De Afdeling oordeelt in deze uitspraak dat de exploitatie van een mestvergister in strijd is met het bestemmingsplan, omdat die exploitatie plaatsvindt door een zelfstandig bedrijf en (daarom) geen deel uitmaakt van het agrarische bedrijf waarvan de mest afkomstig is. Volgens de Afdeling staat het bestemmingsplan dit gebruik niet toe, omdat in de planregels (kort gezegd) is voorgeschreven dat in een mestvergister op deze locatie alleen eigen mest mag worden verwerkt.

De uitspraak gaat over het besluit van het college van burgemeester en wethouders van de gemeente Coevorden om handhavend op te treden tegen de exploitatie van een mestvergister. De mestvergister bevindt zich op een perceel dat toebehoort aan een agrarisch bedrijf dat ook de mest aanlevert die in de installatie wordt vergist. Het perceel heeft een agrarische bestemming met een bouwvlak, waarbinnen een mestvergister mag staan. Daaraan is in de planregels echter wel de voorwaarde verbonden dat de vergister alleen ‘eigen’ mest mag verwerken. En daar gaat het mis.
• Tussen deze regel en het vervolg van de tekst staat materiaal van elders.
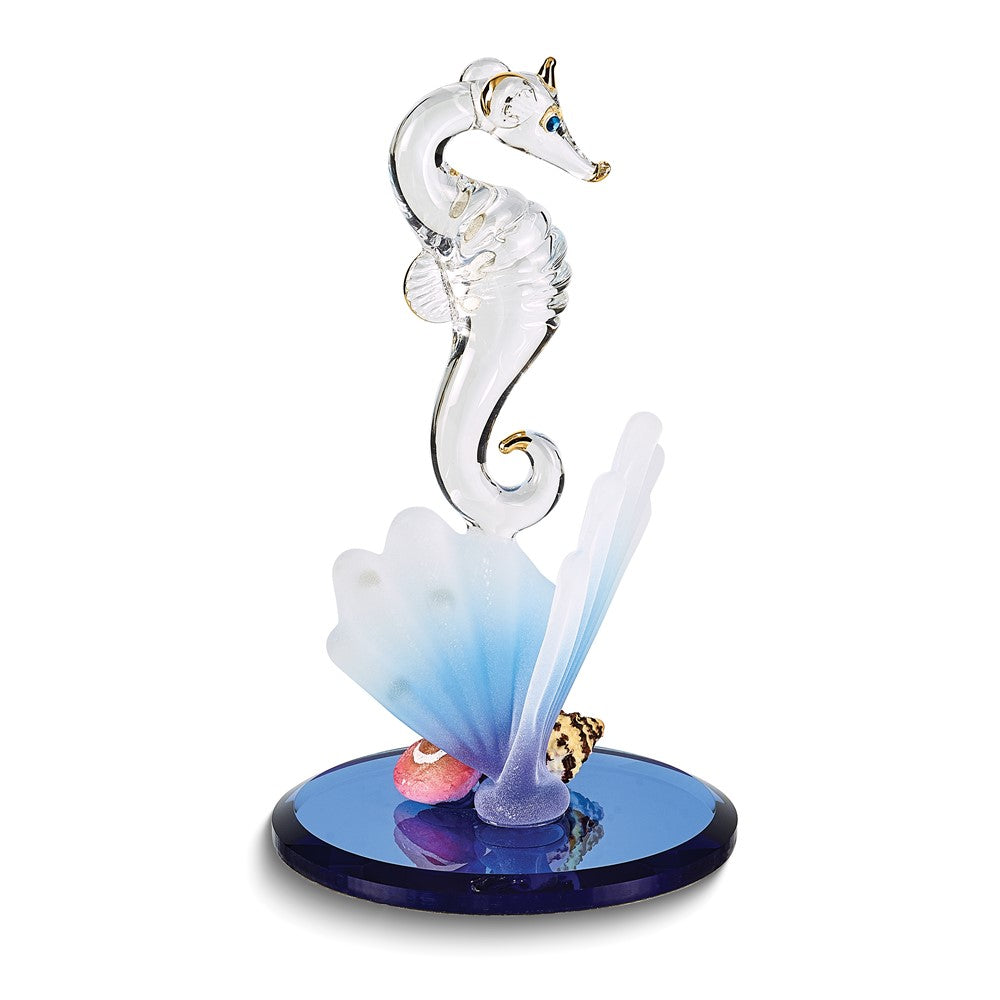 Glass Baron Sea Horse on Blue Coral Figurine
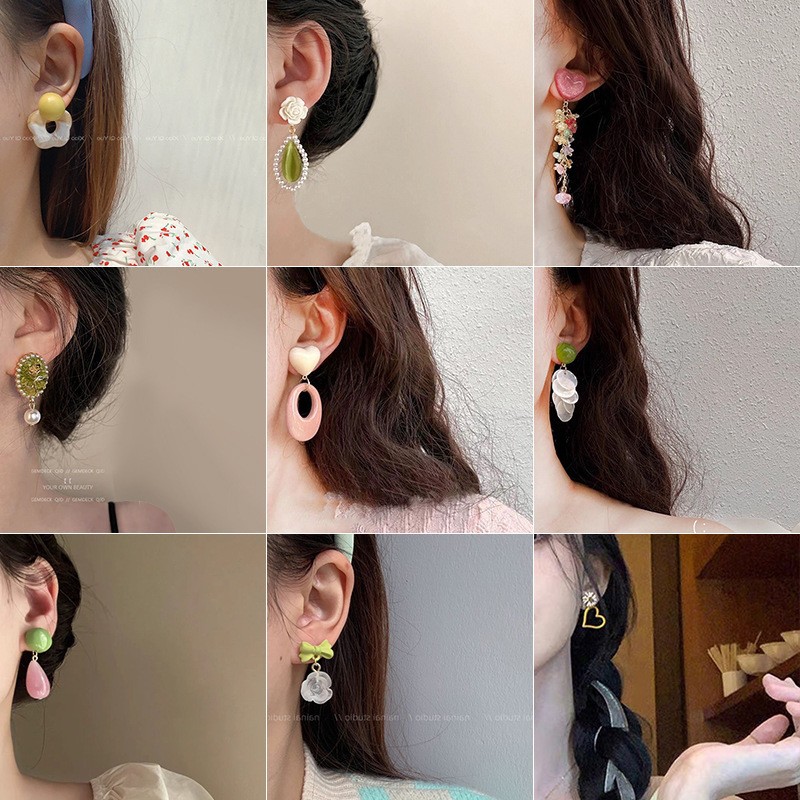 Colorful earrings suitable for spring for women, 2024 new bestsellers, fresh and cute stud earrings, Dopamine Sen-style flower earrings Specification drawing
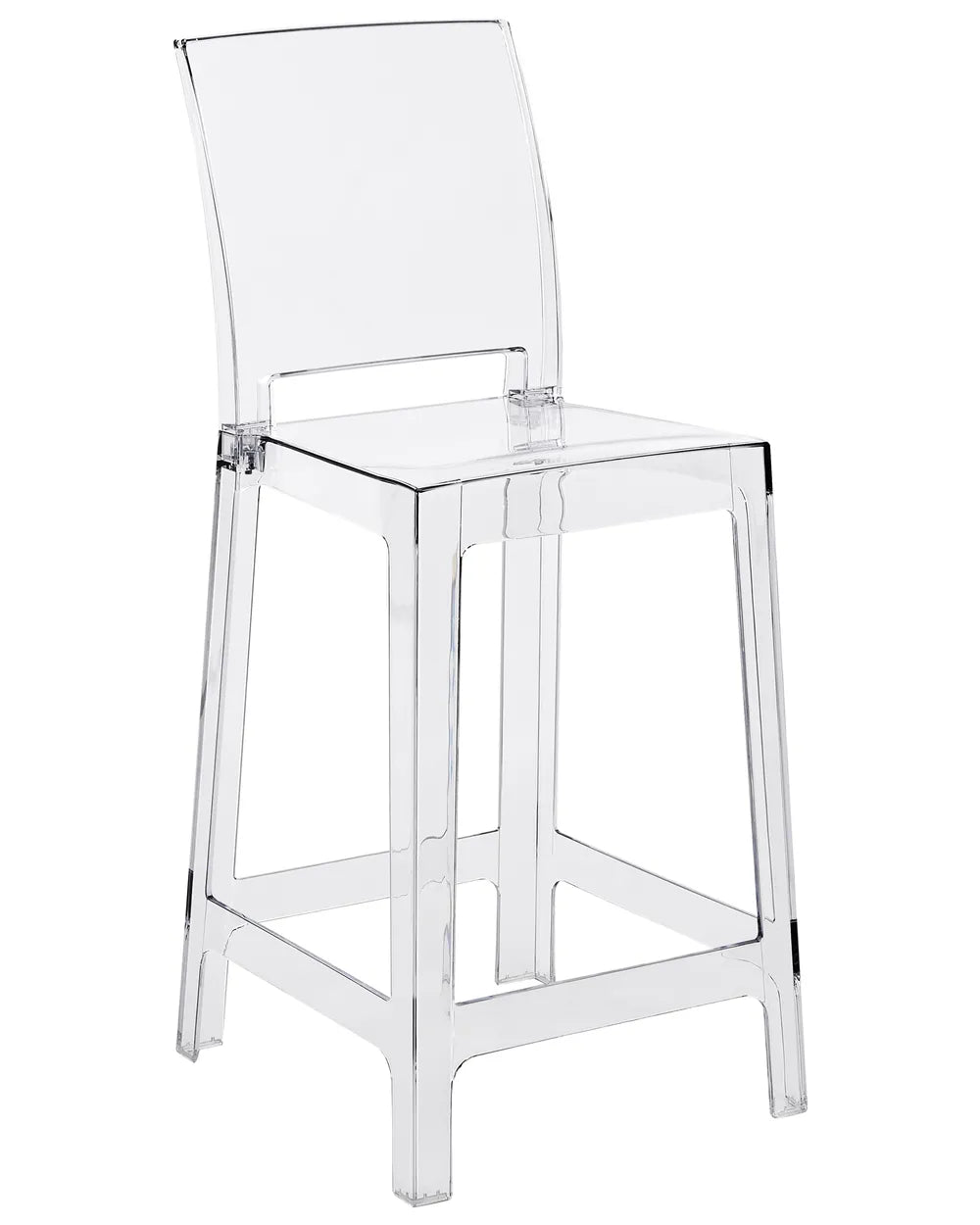 A modern transparent acrylic bar stool with a curved backrest, clear seat, and open frame legs, shown on a plain white background.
Hoewel de vergister uitsluitend de mest verwerkt van het agrarische bedrijf dat eigenaar is van het betrokken perceel, bevindt de vergister zich op vijf kilometer afstand van de bedrijfslocatie waar die mest vrijkomt en is de exploitatie van de vergister in handen van een zelfstandig bedrijf, genaamd DDE. Voor de vergister is een opstalrecht gevestigd en het agrarische bedrijf en DDE hebben een exploitatieovereenkomst gesloten.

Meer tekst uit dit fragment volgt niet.